Une Américaine, qui a été consultante pour Amazon, Apple et Microsoft, a été nommée un poste clé pour la régulation des Gafam, à la Commission européenne. La commissaire à la Concurrence Margrethe Vestager assure que toutes les procédures ont été respectées. La ligne de défense ne varie pas d’un iota, depuis le début de la polémique. Fiona Scott-Morton a été nommée il y a une semaine économiste en chef à la Direction générale de la concurrence, un poste stratégique à la Commission européenne. Et ses opposants craignent un conflit d’intérêts mais aussi des ingérences de Washington dans la régulation des grandes entreprises de la tech. La polémique a amené la commissaire européenne à la Concurrence à s’expliquer devant les eurodéputés ce mardi après-midi. Margrethe Vestager a répété la partition jouée ces derniers jours par la Commission européenne, sur le mode du « circulez, y’a rien à voir ».   
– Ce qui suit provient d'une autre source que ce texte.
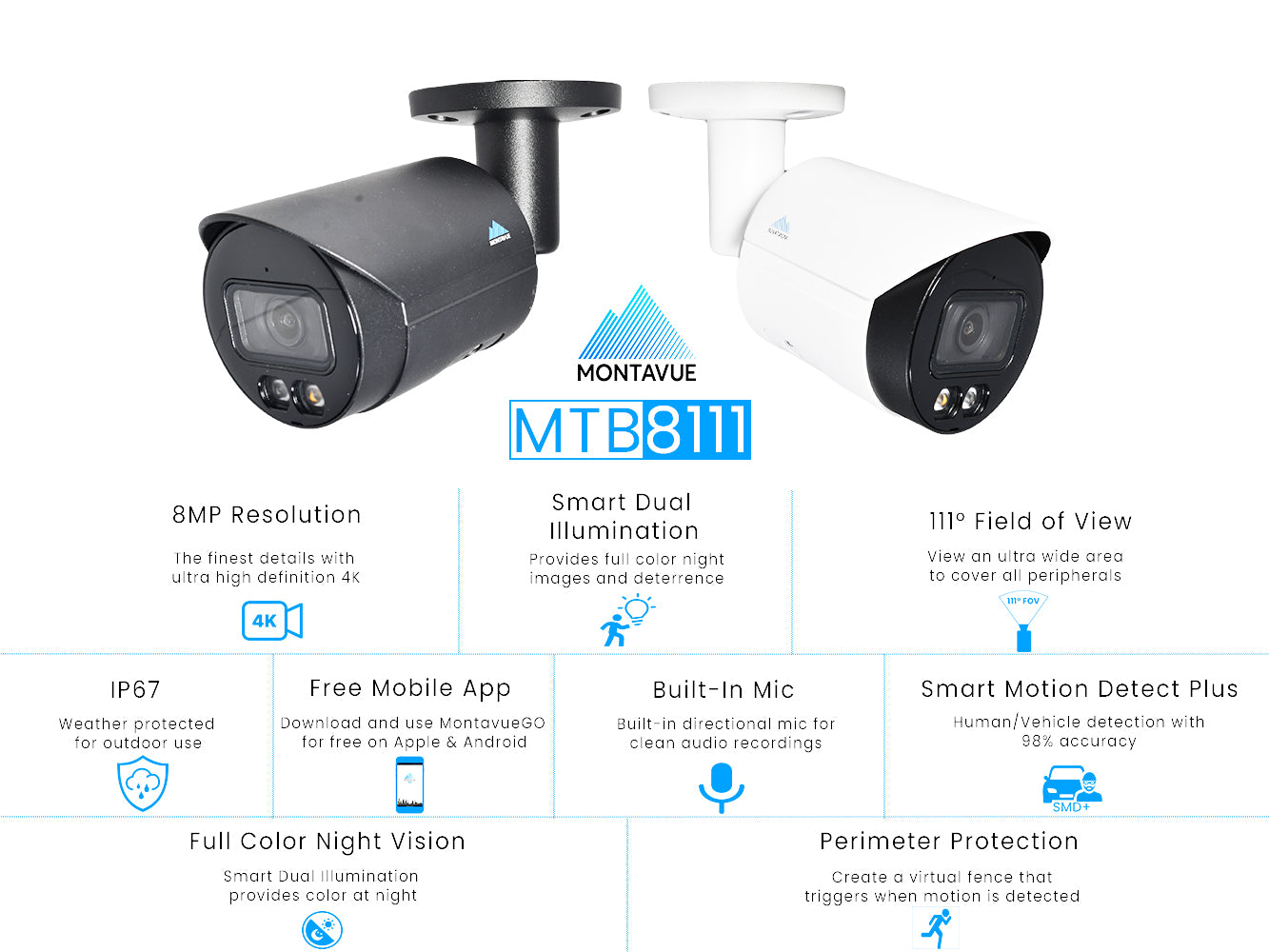 MTB8111 8MP 4K Security Camera System - 4 SMD+ Bullet Cameras & 64 Channel NVR with 10TB HDD - Outdoor/Indoor Surveillance for Home & Business Protection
 Les griefs contre Fiona Scott-Morton ne manquent pas, même si personne ne doute des compétences de cette professeure à Yale. Mais celle qui aura un poste clé dans la régulation du secteur a travaillé comme consultante pour des grands groupes comme Amazon, Apple ou encore Microsoft. Selon les règles en vigueur, Fiona Scott-Morton sera empêchée de travailler sur les dossiers précis qu’elle a eus à traiter dans le passé. Par ailleurs, pendant deux ans, elle ne pourra pas approcher des entreprises qui ont été son employeur l’année précédente. Deux ans… sur un mandat de trois (plus d’un renouvellement de deux ans). Selon la commissaire européenne, « cela ne concerne qu’une poignée de cas ». « Elle sera parfaitement capable de faire son travail sur la législation sur le marché numérique (DMA) et sur la réglementation des subventions étrangères », assurait-elle devant les eurodéputés. Cependant, souligne Margrethe Vestager, les services de la Commission sont encore en train d’évaluer dans quelle mesure Fiona Scott-Morton sera empêchée, alors même que sa nomination a été actée il y a une semaine. Selon la commissaire, qui ne s’étend pas sur les détails pour des « raisons de confidentialité », toutes les procédures ont été et seront respectées.   
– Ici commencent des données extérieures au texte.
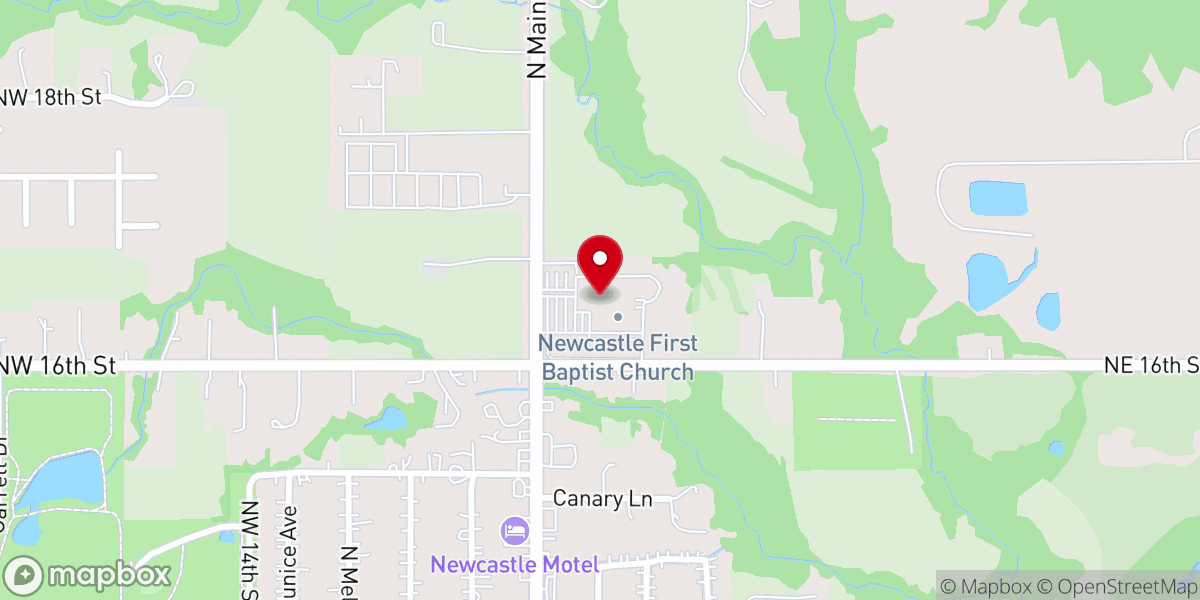 Map showing location of First Baptist Church-Newcastle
 Ses détracteurs reprochent aussi à cette Américaine ses anciennes fonctions dans l’antitrust au ministère de la Justice américaine. Ils y voient la possibilité d’une manipulation de la part de Washington, qui ne partage pas les mêmes vues que l’Union européenne sur les Gafam. Par ailleurs, ses opposants s’étonnent qu’un tel poste ait été offert à une Américaine, alors que seuls des ressortissants européens peuvent travailler pour les institutions, à quelques rares exceptions près. « Il a été décidé d’ouvrir le poste à des candidats non européens en raison des spécificités des compétences nécessaires », a indiqué une porte-parole de la Commission fin de semaine dernière. « Ce n’est pas un poste ordinaire », a plaidé Margrethe Vestager, qui a participé aux dernières étapes du recrutement. « Nous ne devons pas priver la Commission européenne » de profils comme ceux de Fiona Morton-Scott.   
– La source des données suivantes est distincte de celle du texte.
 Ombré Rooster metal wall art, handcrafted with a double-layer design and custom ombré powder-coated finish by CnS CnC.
 Les critiques fusent de toutes parts. L’affaire est remontée jusqu’à des membres importants du gouvernement français. Aux côtés de deux de ses collègues, la ministre française des Affaires étrangères, Catherine Colonna, est allée jusqu’à demander à « reconsidérer » cette nomination. Quatre présidents de groupe au Parlement européen (PPE, S&D, Renew et Verts) avaient transmis une lettre à la Commission. L’un des signataires, le Belge Philippe Lamberts, a fini par changer son fusil d’épaule. « Après m’être entretenu avec Fiona Scott-Morton aujourd’hui, mes préoccupations ont été prises en compte.   

 Son expertise en matière de politique de concurrence nous aidera à lutter contre le pouvoir excessif du marché, au bénéfice des contribuables et des consommateurs européens », a tweeté l’eurodéputé belge. « Je suis très déçue », réagit l’eurodéputée Stéphanie Yon-Courtin (Renew, centristes et libéraux), à l’initiative de l’audition de Margrethe Vestager. « La Commission ne semble pas comprendre que le Parlement européen s’intéresse à cette nomination. »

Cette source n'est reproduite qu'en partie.